The Welder Wildlife Foundation (WWF) encompasses a variety of landscapes associated with a transition from the plains of the Gulf Coast Prairie natural region to a typical coastal estuary system. The variety of features distinguishes the Welder Wildlife foundation from other locales in the South Texas Chapter. Here we see several expressions of riparian (stream) environments and habitats for diverse plant and animal life.
The underlying geological strata for the greater part of the WWF is the “Lissie Formation,” a mid-Pleistocene (1.2 million years old) layer of sand, silt, and clay deposited on a coastline, not unlike our present day. The elevation of the plain at 40 ft. suggests that sea level was near that level during the deposition of these Lissie strata.
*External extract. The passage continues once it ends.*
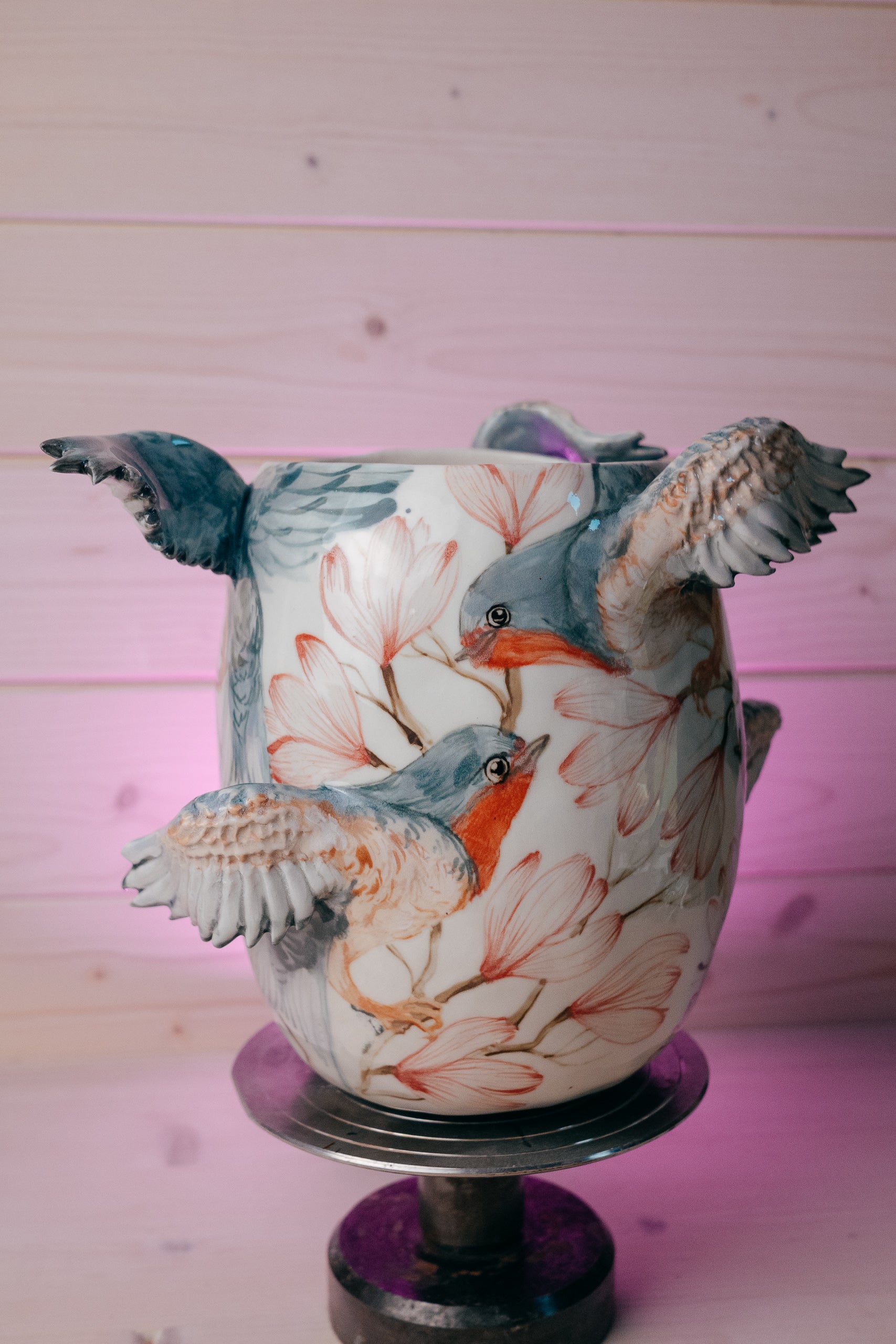 Porcelain vase | Swallows in magnolias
The Aransas River courses as the northern boundary of the Foundation and as the county line between San Patricio and Refugio. It is a mature stream entrenched approximately 20-30 ft. and it has well-developed terraces that step down into the present river channel. Along the river valley, there are abandoned segments of ancient channels that are filled with water called “oxbow” lakes. In other places the old riverbed is dry. Some oxbows have been mined for gravel and sand deposits creating larger man-made features such as “Big Lake” and swampy areas attractive to wildlife. The Aransas River and Chiltipin Creek coalesce at a single bayhead delta as they flow into Copano Bay.
Over the last million years, the Texas coast has experienced multiple repetitive and extreme rises and falls of sea level as the Earth has generally cycled cooler. The extreme and rapid cyclicity of sea-level change is indicated in the entrenchment of the Aransas River with numerous terraces and abandoned channels. The present-day river is slow-moving because the modern Holocene rise in sea level has resulted in a very low steam gradient near the coast. Under normal conditions, the river transports only fine-grained muds and silts. During high stages, the short Aransas River can flood extensively and flow violently in its narrow valley – but it clears quickly into the large Copano Bay.
Five Things to Notice
- At the main house, notice that you are standing on generally flat land. This riparian upland is the Lissie Formation at your feet. The Lissie Formation and younger Beaumont Formation form the typical thicketed mesquite and grass prairie of the coastal plain. The oaks and hardwoods to the north increase towards the lowlands of the Mission River.
- On the drive to the Aransas river, notice stepping down elevation towards the river valley lowland. The vegetation changes from grassland prairie to lowland hardwood.
- On the riparian walk to the river, notice the slope changes and tiers of vegetation affected by stages and intensity of flood. At the river, the bank is steep (and often slippery). You will walk across abandoned channels, sand bars, and dry oxbows on the loop back to the vehicles.
- This extremely productive and protected landscape was most certainly attractive to Native Americans. Consider the possible resources available in this area and the easily navigable proximity to the bounty of Copano Bay. Why might there be so many clam shells scattered in the soil on the terraces of the Aransas River?
- On the loop drive, note how steep the bank is on the tributary south of the main house. On this trip, you will observe the oxbow lake features and mining operations of the prior owners. Note how nature recovers the landscape.